ZERO Netflix Recensione: conclusioni
Tutto sommato però, non mi sento di bocciare la serie in toto. Basterebbe veramente una visione di insieme più uniforme e qualche limatura qua e la per rendere ZERO un prodotto di tutto rispetto. Se ci sarà una seconda stagione, mi auguro venga utilizzata per rafforzare e valorizzare i punti di forza che già ci sono: il cast, non mi stancherò mai di ripeterlo, è assolutamente all’altezza della situazione, così come la regia e gli effetti speciali. Anche la storia può diventare interessante, se avesse più tempo di svilupparsi in modo più organico e progressivo. Le basi per continuare ci sono, ma non bisogna aver paura di dare la priorità a quello che nella serie funziona. Soprattutto è importante non favorire la trama a discapito della storia. ZERO non va vista quindi come un’occasione mancata, ma come un piccolo passo nella direzione giusta. Basterebbe veramente poco per tirarne fuori un prodotto di qualità.

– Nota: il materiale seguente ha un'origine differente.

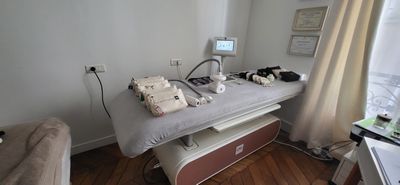 une chambre avec un lit et un ordinateur dedans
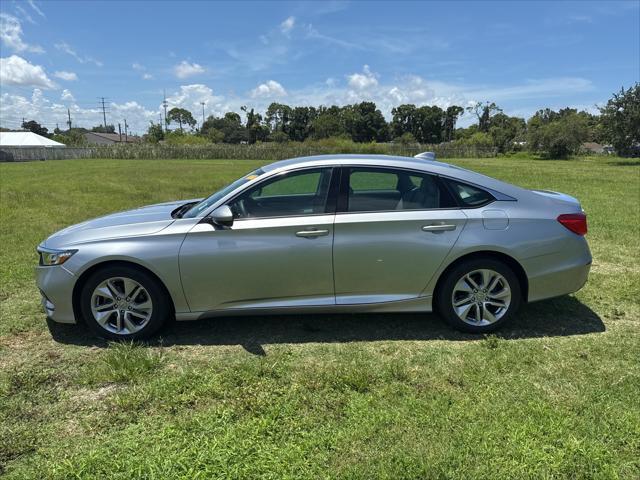 Photo of 2020 Lunar Silver Metallic Honda Accord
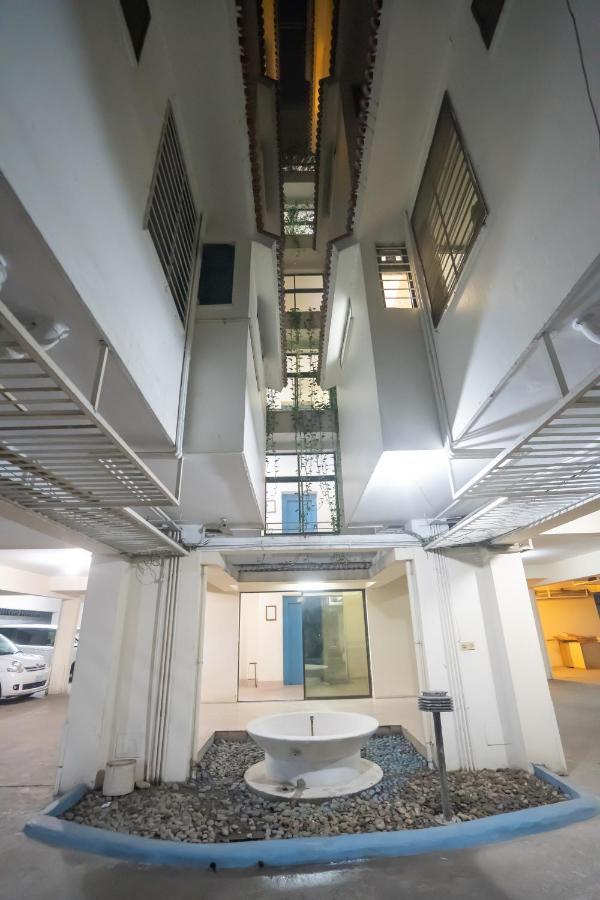 Swarloke Apartment at Gulshan 2,Dhaka - B&B Dhaka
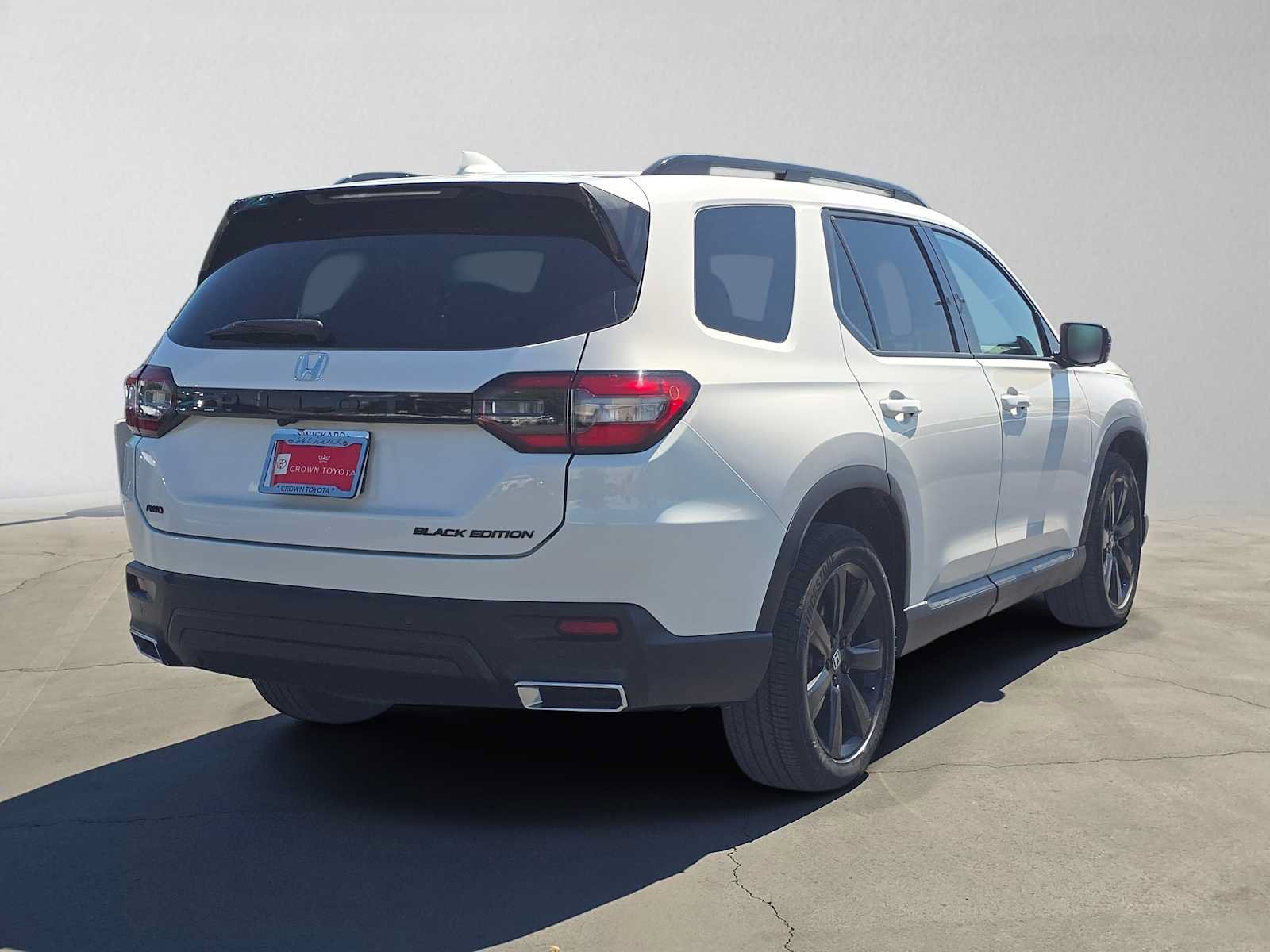 Used 2025 Honda Pilot Black Edition image 3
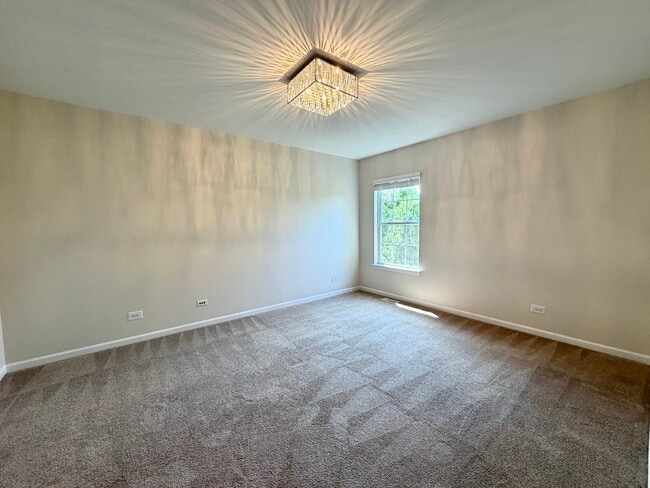Building Photo - 25 Melrose Ct
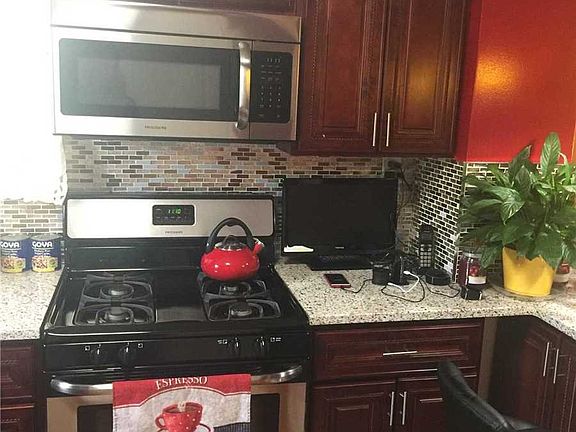 4th image of 116 44 146th St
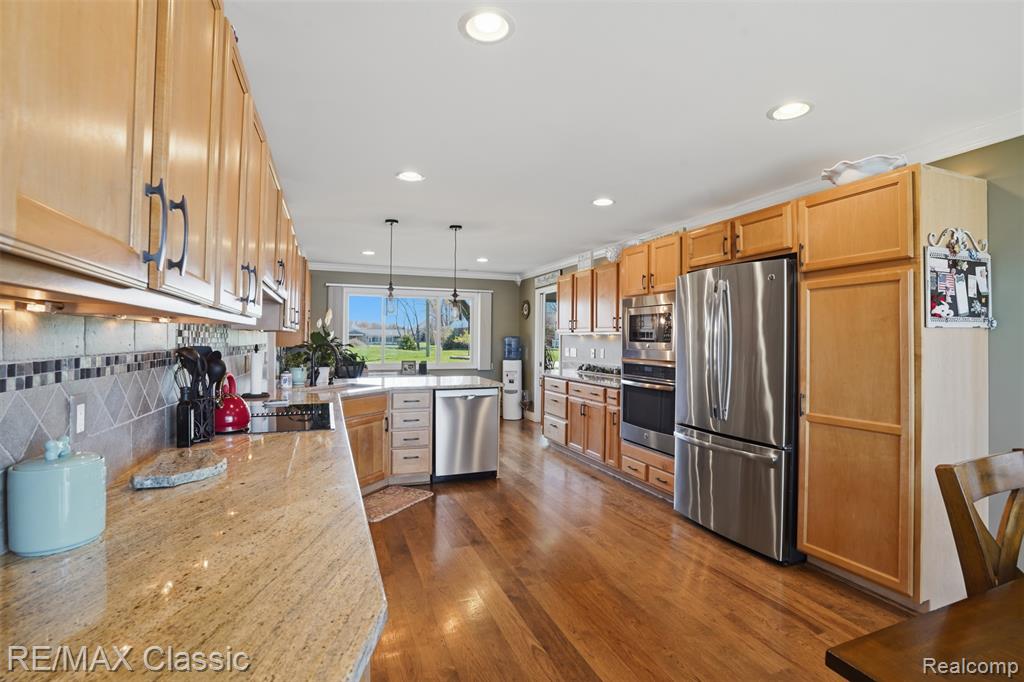 547 Deer Run, White Lake, MI — Photo 21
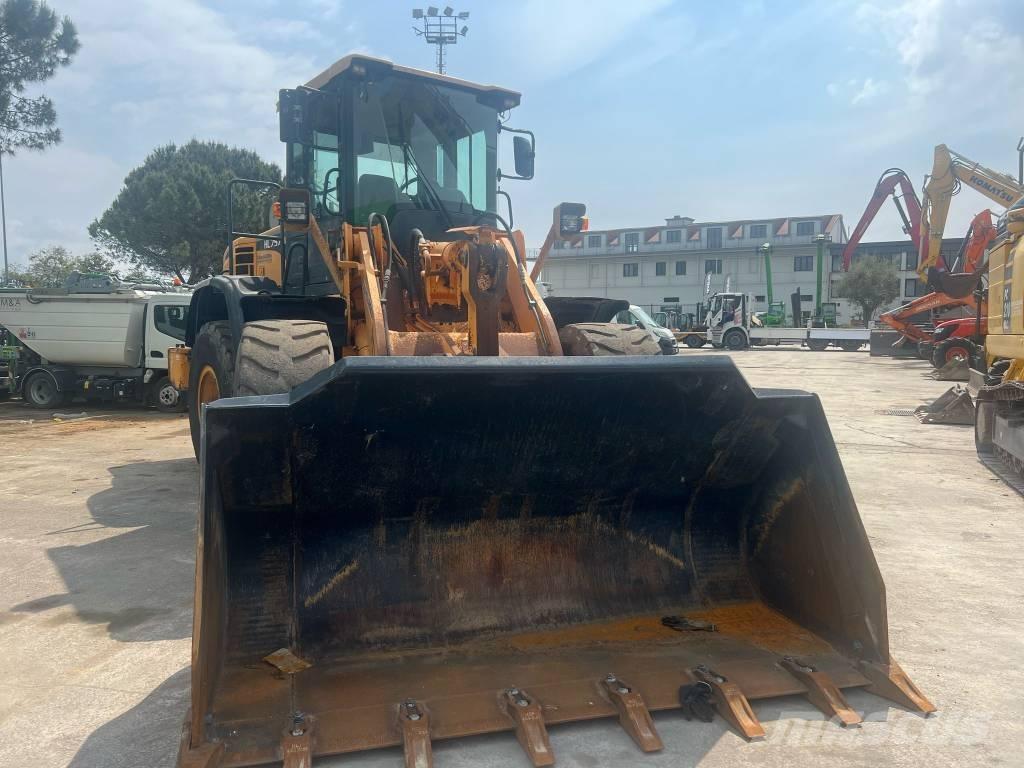 Hyundai HL 757-9 A Iekrāvēji uz riteņiem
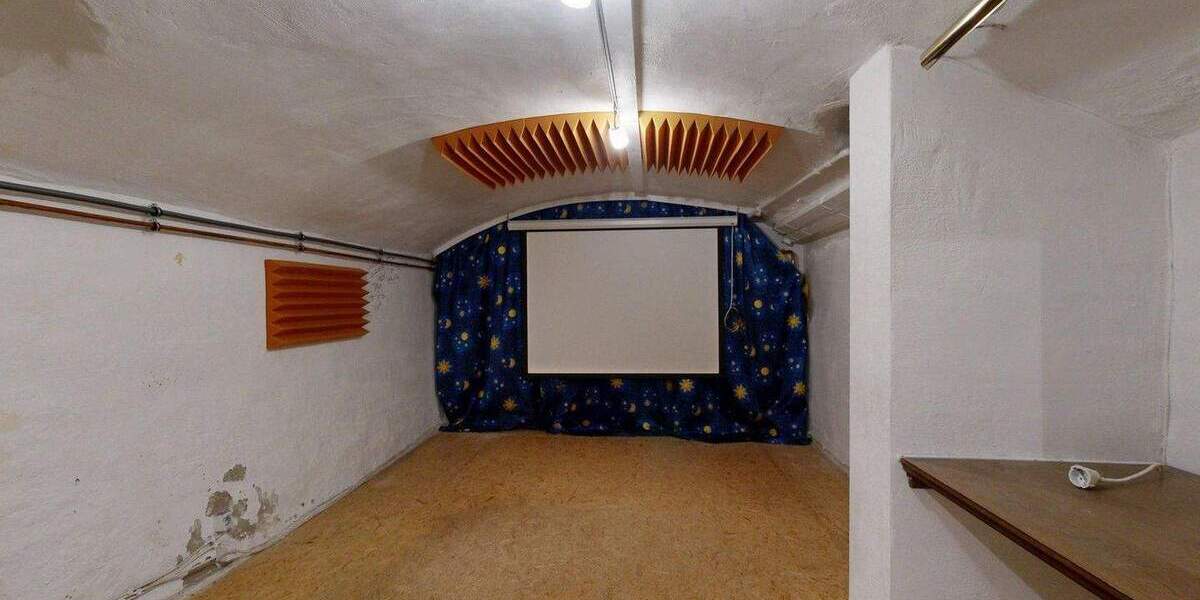 Mehrfamilienhaus, Wohnhaus Germersheim - 6 Zimmer, 125 m&sup2;, 220.000&euro; | Angebot:24738220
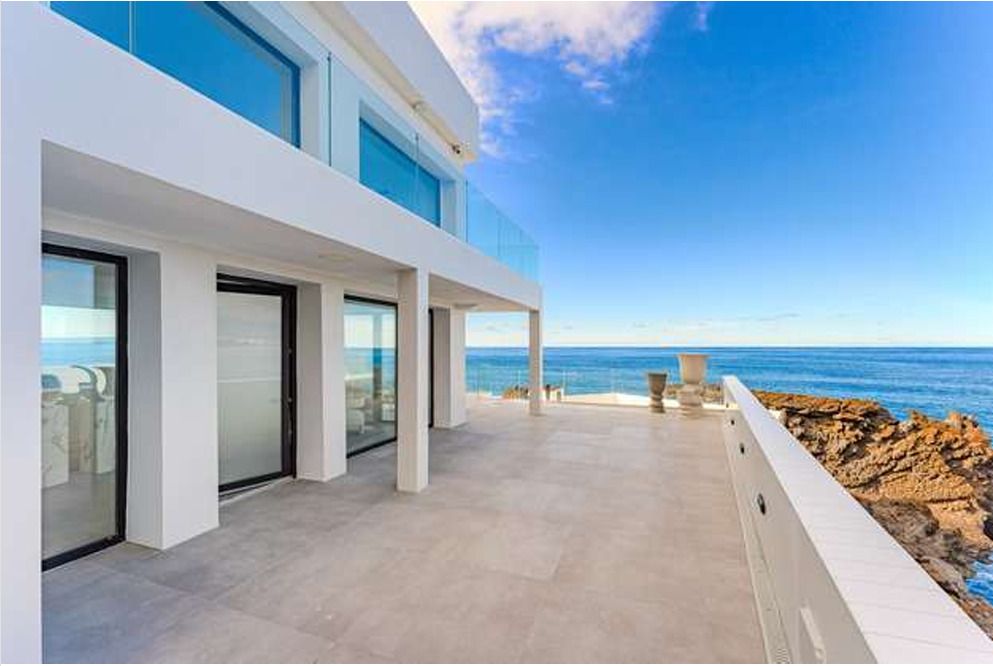 Property photo 1 of 24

Sperando di avervi invogliati alla visione, vi ricordiamo che ZERO sarà disponibile su Netflix a partire dal 21 Aprile 2021.
Recensione in breve
ZERO
Una serie promettente che però non riesce mai del tutto a decollare. L'urgenza eccessiva di far proseguire la trama toglie spessore alla storia e ai personaggi. Un vero peccato, ma restano speranze per il futuro.
PRO
- Un ottimo cast davvero affiatato cast
- Location sapientemente sfruttate
- Comparto tecnico solido
CONTRO
- Troppa fretta negli sviluppi
- Viene data priorità alla trama sacrificando la storia
In base ai difetti elencati, la sufficienza dovrebbe sognarsela. Eccesso di indulgenza? In Italia si continua a promuovere progetti mediocri, dando la solita impressione che certi meccanismi inconfessabili contino più della professionalità e delle basi tecniche. Non si dovrebbe uscire sul circuito Netflix con un prodotto del quale può essere premiata solo la buona volontà. Cmq almeno qui avete evidenziato gli innegabili e gravissimi difetti e ve ne dò atto. Altrove ho letto patetici depliants pubblicitari contrabbandati per recensioni.